Below are the entries. Print only the lines starting at the one with "Image titled Cope" and ending at the one with "美国女子产下连体双胞胎，75名医生忙活了7小时成功分离 - 1", exactly, with no pictures.

##### Record set

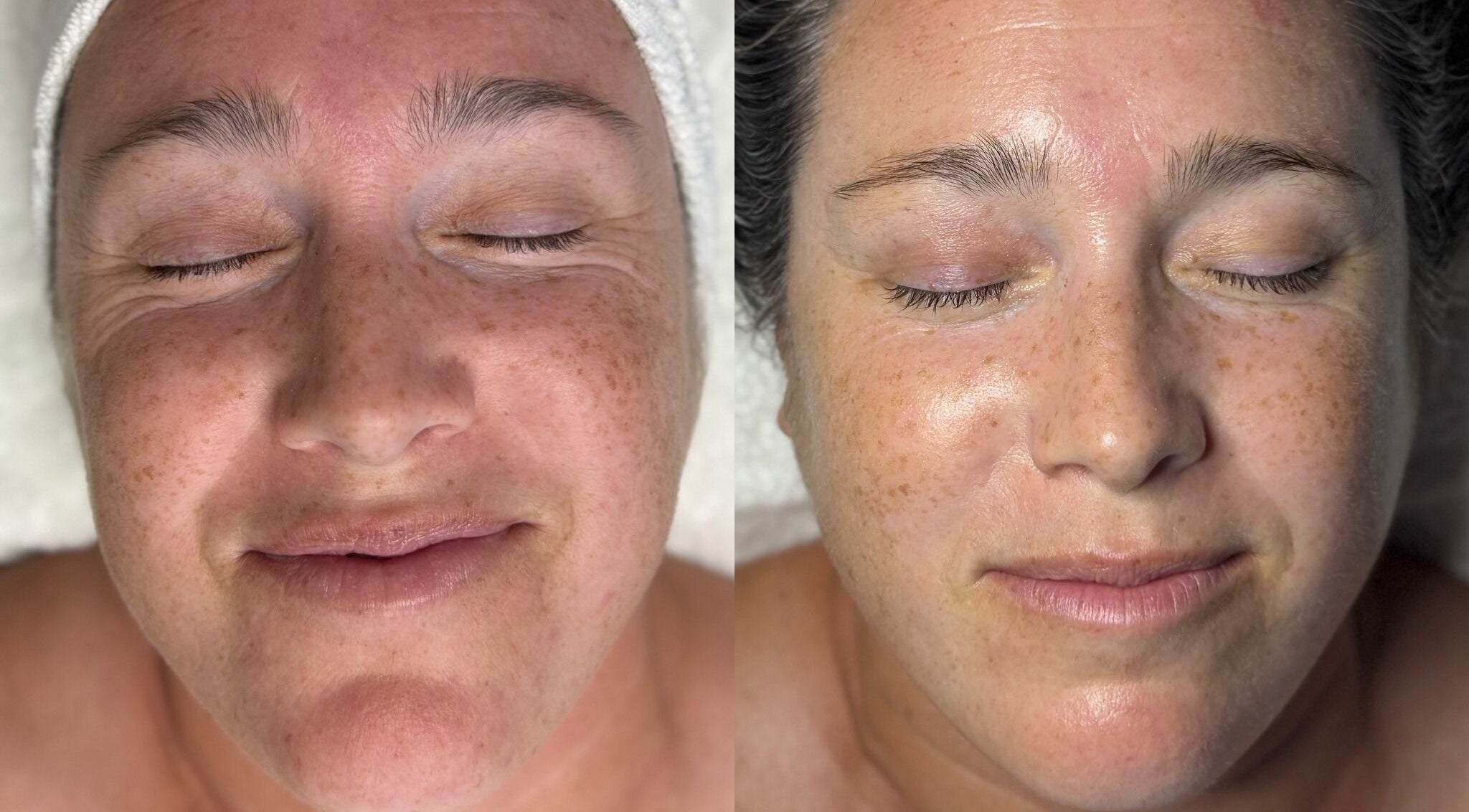 Facial before and after at The Aesthetic Refinery in Orange County, California, US showcasing glowing skin.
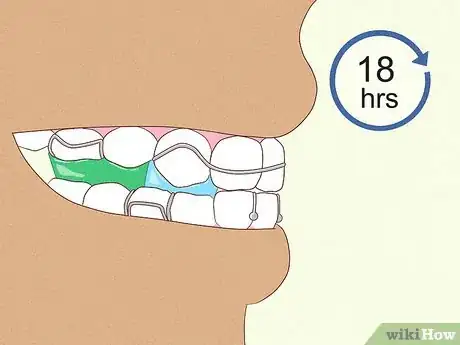 Image titled Cope with Twin Block Braces Step 9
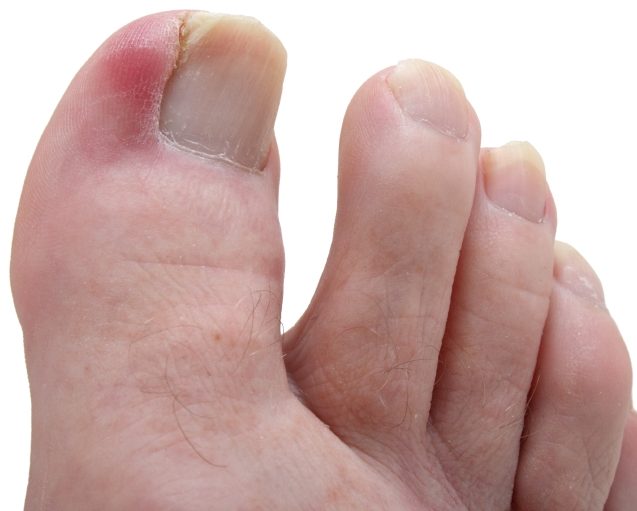 ingrown toenails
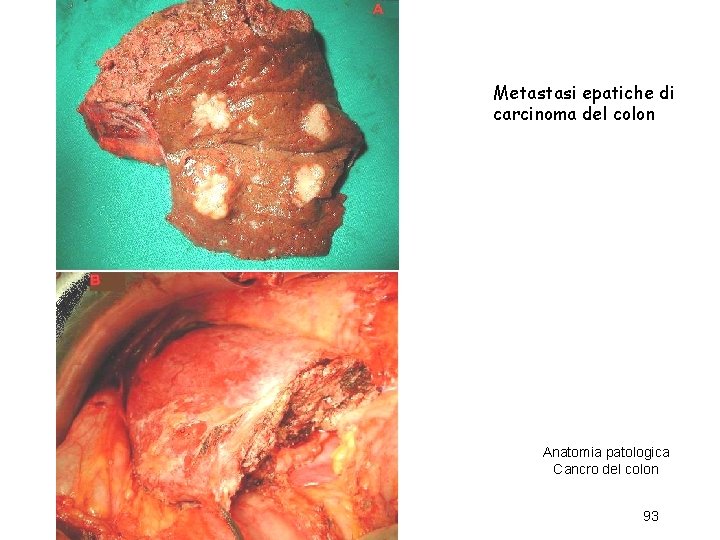 Metastasi epatiche di carcinoma del colon Anatomia patologica Cancro del colon 93 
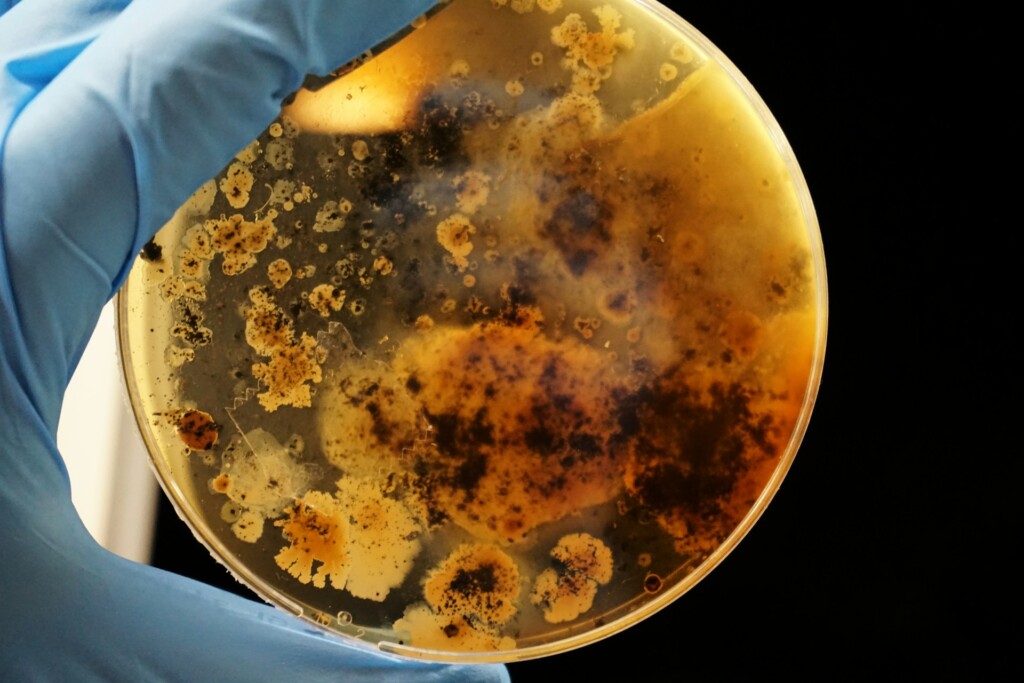 Bacteria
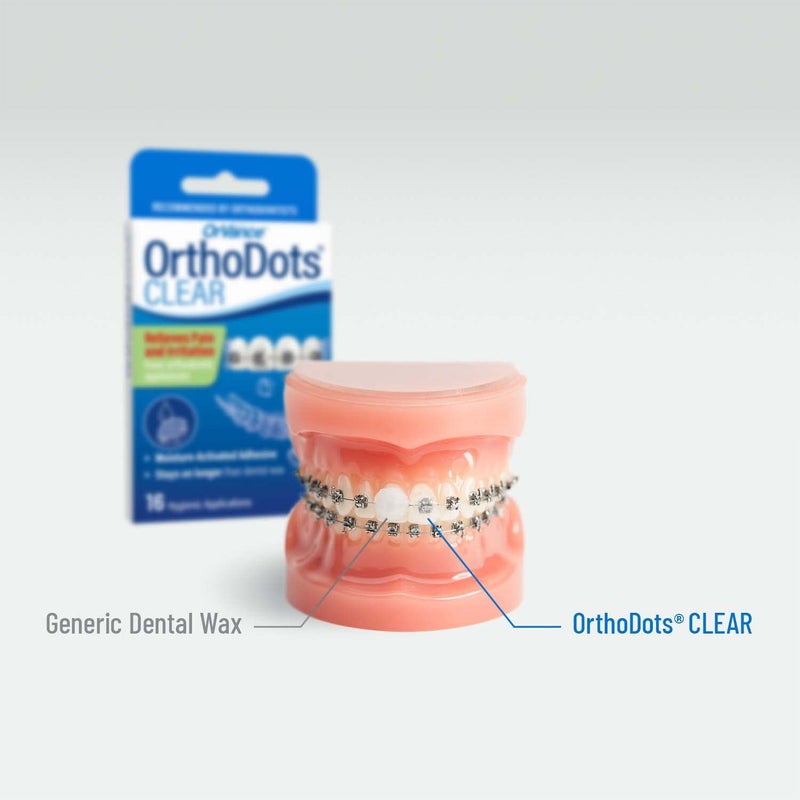 Orvance OrthoDots CLEAR – Moisture Activated Braces Wax Alternative for Pain Caused by Braces, Clear Aligner Trays, and Other Orthodontic Appliances. OrthoDots Stick Better and Stay on Longer than Dental Wax. - Image 5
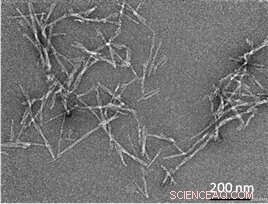 Understanding Amyloid Fibril Growth: Protein Fiber Formation and Disease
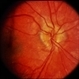 Peripapillary CNVM / Uveitis Peripapillary CNVM / Uveitis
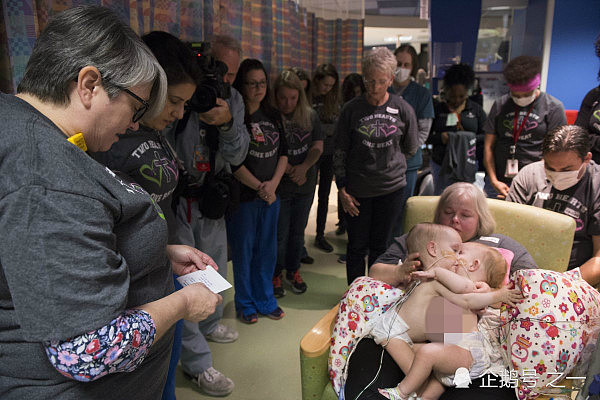 美国女子产下连体双胞胎，75名医生忙活了7小时成功分离 - 1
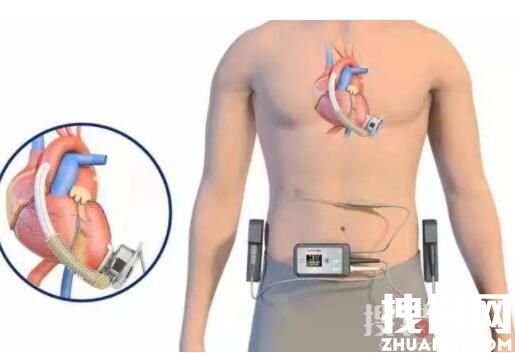 植入人工心脏后他成中国科技迷弟 究竟是怎么回事？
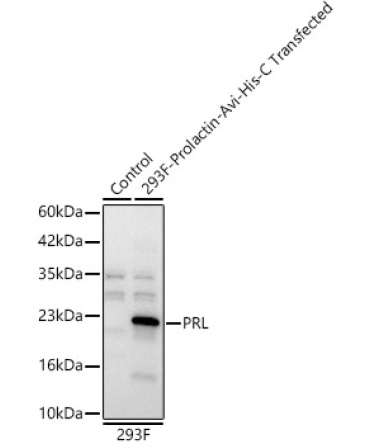 PRL Rabbit Polyclonal Antibody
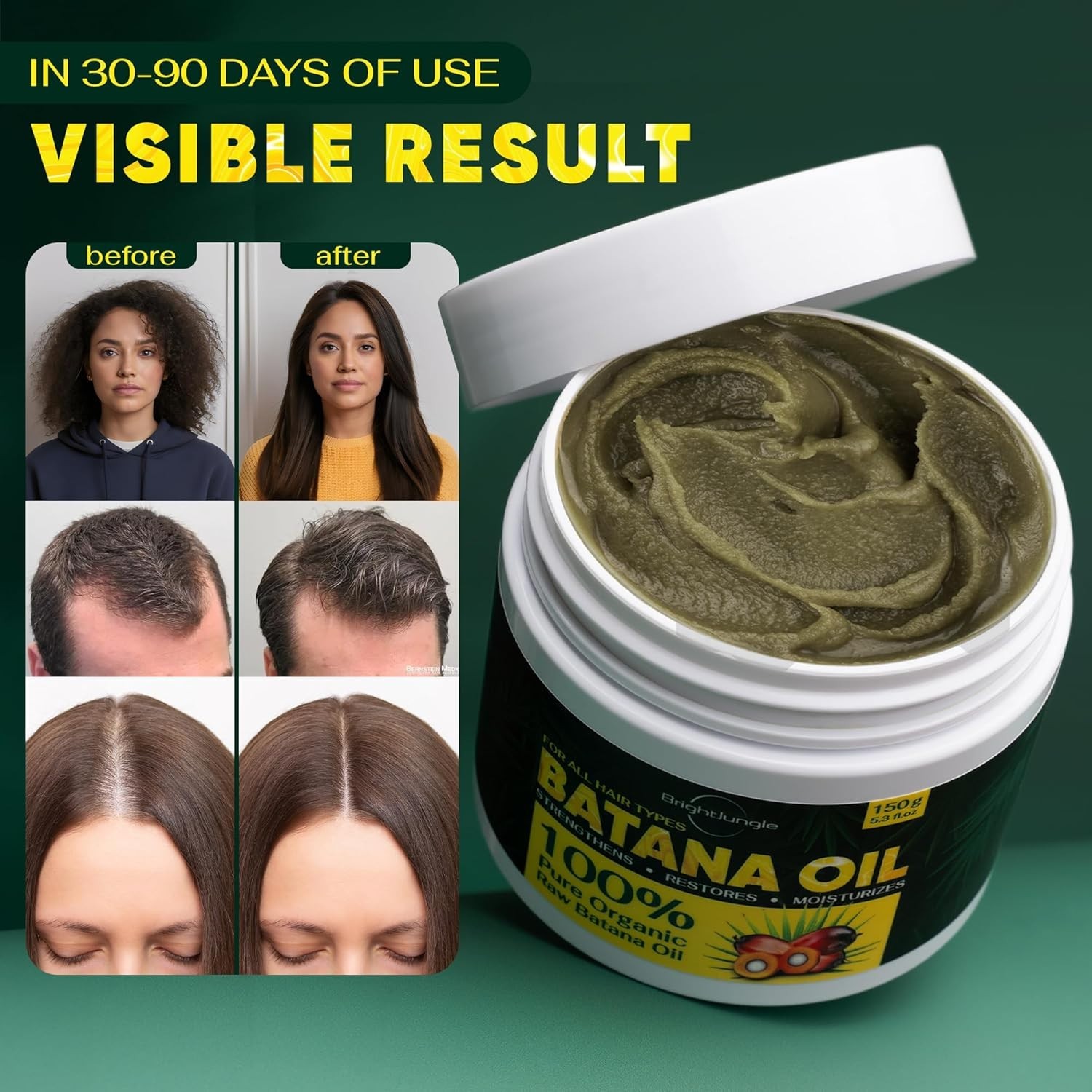 Botana Oil Hair Growth Batana Oil for Hair Growth Dr Sebi Organic,100 Percent Pu
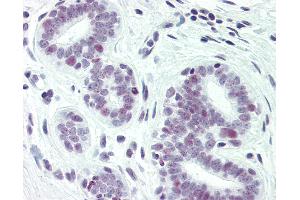 Anti-PAX2 antibody IHC of human breast. (PAX2A antibody  (pSer393))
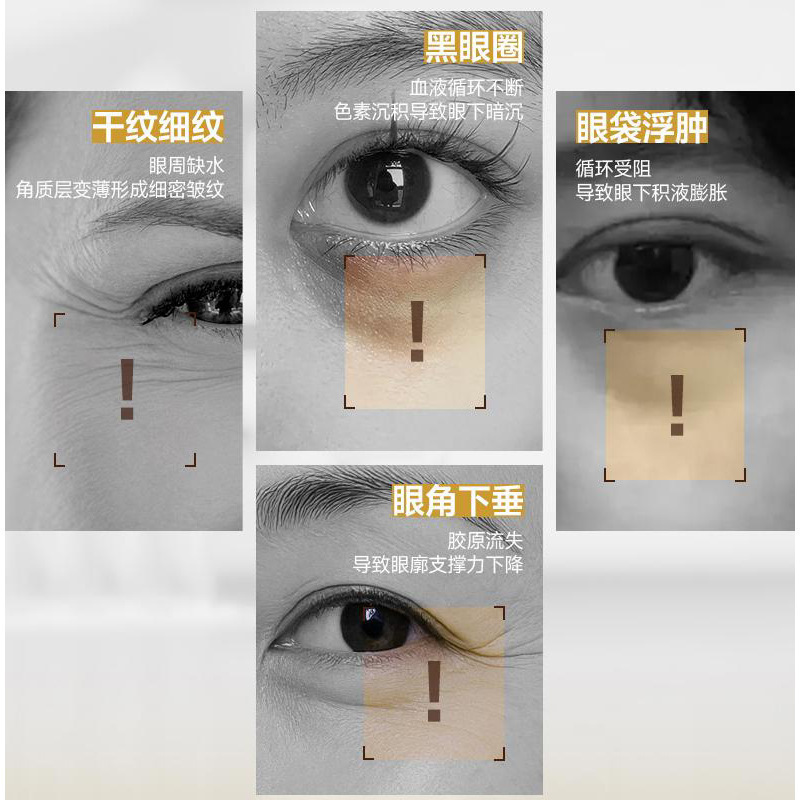 LVFEI Herbal Anti-arrugas Eye Cream Essence Plantal Calming Eye Moisturizing Measure Pigmentation Moisturizing Eye Brilliance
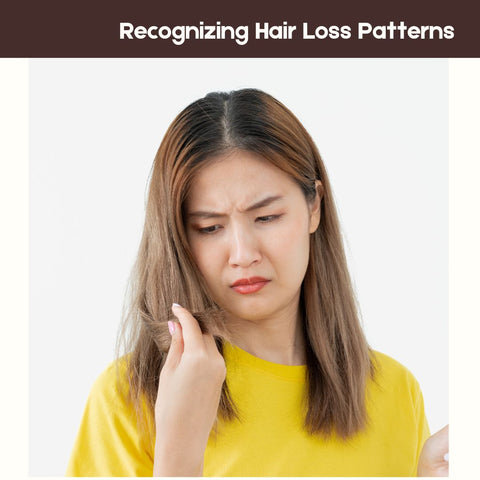 Recognizing Hair Loss Patterns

##########

• Result for this task:
 Image titled Cope with Twin Block Braces Step 9
 ingrown toenails
 Metastasi epatiche di carcinoma del colon Anatomia patologica Cancro del colon 93 
 Bacteria
 Orvance OrthoDots CLEAR – Moisture Activated Braces Wax Alternative for Pain Caused by Braces, Clear Aligner Trays, and Other Orthodontic Appliances. OrthoDots Stick Better and Stay on Longer than Dental Wax. - Image 5
 Understanding Amyloid Fibril Growth: Protein Fiber Formation and Disease
 Peripapillary CNVM / Uveitis Peripapillary CNVM / Uveitis
 美国女子产下连体双胞胎，75名医生忙活了7小时成功分离 - 1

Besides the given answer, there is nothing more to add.